After inviting everyone to prom last season, Tanner Richie and Fletcher Kasell kicked off their dancing shoes to cozy things up for fall.
The third New York Fashion Week collection for their genderless brand riffed on another childhood right of passage — the slumber party — with a video release imagining what looks a gaggle of Gen Zers would don if left alone at granny’s house for a night.
Tanner Fletcher launched during the pandemic, gaining traction by serving up retro silhouettes with all the sass befitting a queer couple living in Bushwick. Think lace-y, high-necked dresses, exaggerated spread collar shirts and trouser suits are decked out in trimmings one might find at a homeware store.
Richie’s background is in interiors, while Kasell hails from the world of luxury merchandising, though the pair have struggled to sell their vision of gender-free dressing to buyers who, in the past, have advised they go toward a “femmier” look. Refusing to compromise, fall saw them lean further into how they and their young fan base choose to style themselves. This meant putting a less stuffy twist on their Victorian signatures, which skewed more 1990s Victorian-revival than 1890s.

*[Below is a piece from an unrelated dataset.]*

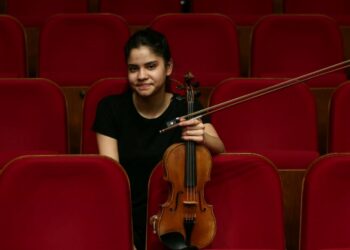 Elleri büyük diye kemana yönlendirilen Bade küçük yaşta senfoni orkestralarında sahne alıyor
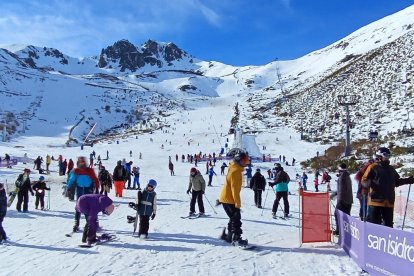Unas 2.000 personas visitan este fin de semana la estación de esquí de San Isidro en León.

“Everything is very much meant to be a mix and match,” said Richie. “We wanted it to be almost like thrift shopping, you go through and you layer.”
Pieces to play with include woolen grandpa cardigans, a velvet dinner jacket with ruffle trim and hand-embellished rivet jeans, which they likened to a DIY after-school project. There were also ultrashort miniskirts — one in candy-cane leather stripes came with a matching coat, while another in velvet had bows, something Richie and Kasell are making into a brand signature and brought to a new line of basic pajama separates.
For those who like to lounge more glamorously, the pair offered a sparkly pink set and a simple slip featuring a rose motif lifted from a midcentury breakfast tray. Waking up in either one would be a great way to jump-start the morning after a wild night of dress-up.